Por eso decíamos que es preciso educar(nos) frente al populismo xenófobo. Tenemos que revisar las lógicas que impregnan nuestros propios discursos y apostar por un diálogo pedagógico en los espacios educativos donde nadie se siente ridiculizado ni caricaturizado al expresar lo que piensa, ya que, de otra manera, no volverá a manifestarlo ─lo que no quiere decir que haya analizado críticamente y/o dejado de lado sus ideas─. Y, sobre todo, hay que hablarlo. “Quien calla otorga” y no estamos en momentos de otorgar lo que nos quieren hacer tragar. Debemos reivindicar el papel político de la educación. No educamos en la nada y para nada, no se trata de un acto aséptico ─si es que eso existe─. Basta de asumir la ilusión de la neutralidad, así como la creencia de que el antifascismo es el otro extremo del fascismo y que “los extremos se tocan”; no, el antifascismo es un compromiso con la profundización de las diversas formas democráticas.

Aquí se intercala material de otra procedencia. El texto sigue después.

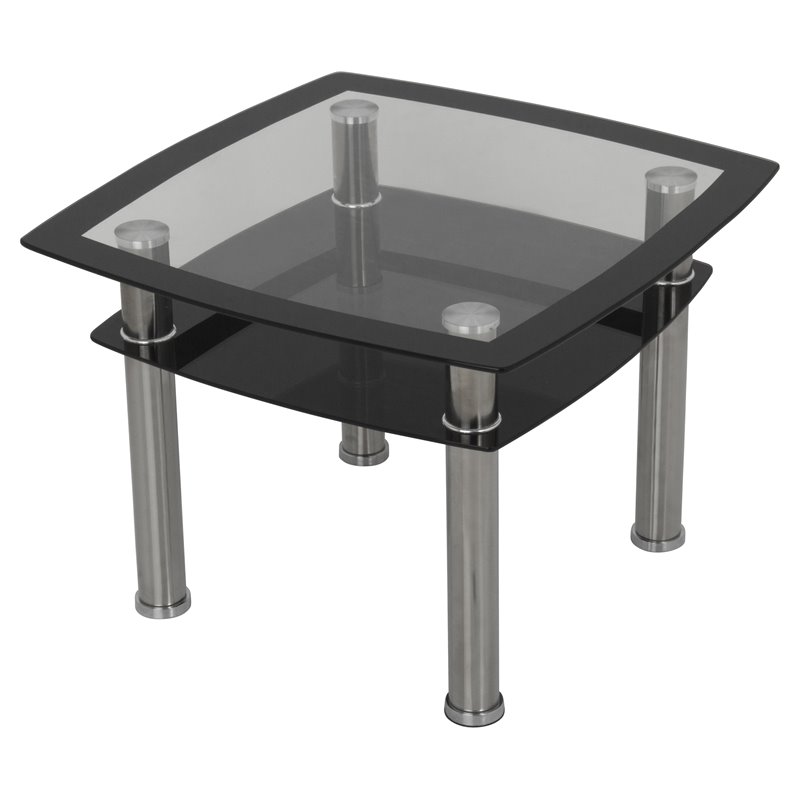 AVF Transitional Steel and Glass End Table in Black and Chrome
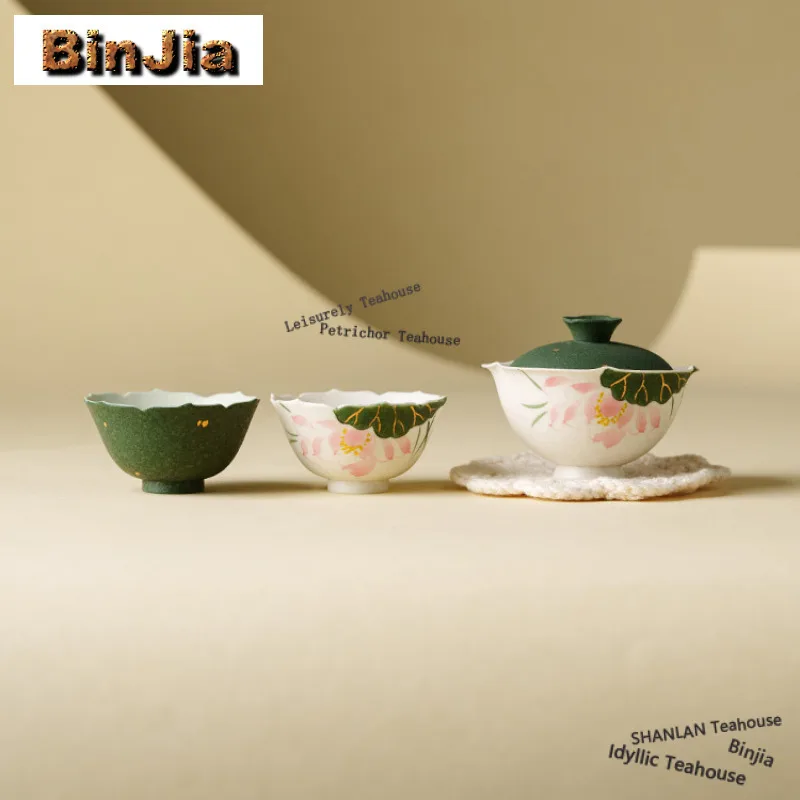 

Hand-painted Koi Playing With Lotus Tea Set Complete Set Zen Tea Ceremony Set Teapot And Tea Cup Set Tea Services Supplies Gift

Otro mito relacionado, el del “consenso al centro”, también en palabras de Mouffe, que en nuestro caso se traduce ─entre otras─ en mostrar la transición de finales de los años setenta como un proceso ejemplar (¿para qué entonces la Brigada Político Social, para qué la introducción de la heroína en los barrios…?) ha generado una sensación generalizada de que la democracia es un proyecto dado y acabado. Y nada es menos motivante que algo cerrado que se siente como ajeno y estático. El populismo xenófobo se presenta en este contexto como una alternativa al establishment del que quieren que creamos que no forman parte (podemos recordar la negación de Vox de entrevistarse con los medios de comunicación, así como su contradictoria actitud de rebeldía libertadora frente a las medidas adoptadas en el marco de la Covid-19…), manejando un discurso que apela a lo pasional y hace de la política algo emocionante. En este sentido resulta urgente no dejar la pugna por lo emocional en manos del discurso de la extremaderecha ─como señalaba Martha Nussbaum en Las emociones políticas─, y para ello habrá que mostrar, desde los diversos espacios educativos, que las democracias son procesos inacabados en los que es preciso profundizar para hacerlas colectivamente más participativas, más feministas, más antirracistas, más ecologistas, más anticapitalistas…, pensando y practicando conjuntamente qué implican esos términos. Y, en definitiva, más democráticas y ─por ende─ antifascistas, lo que, sin duda, es una emocionante ─y nada sencilla─ “aventura” en la que cada aportación cuenta.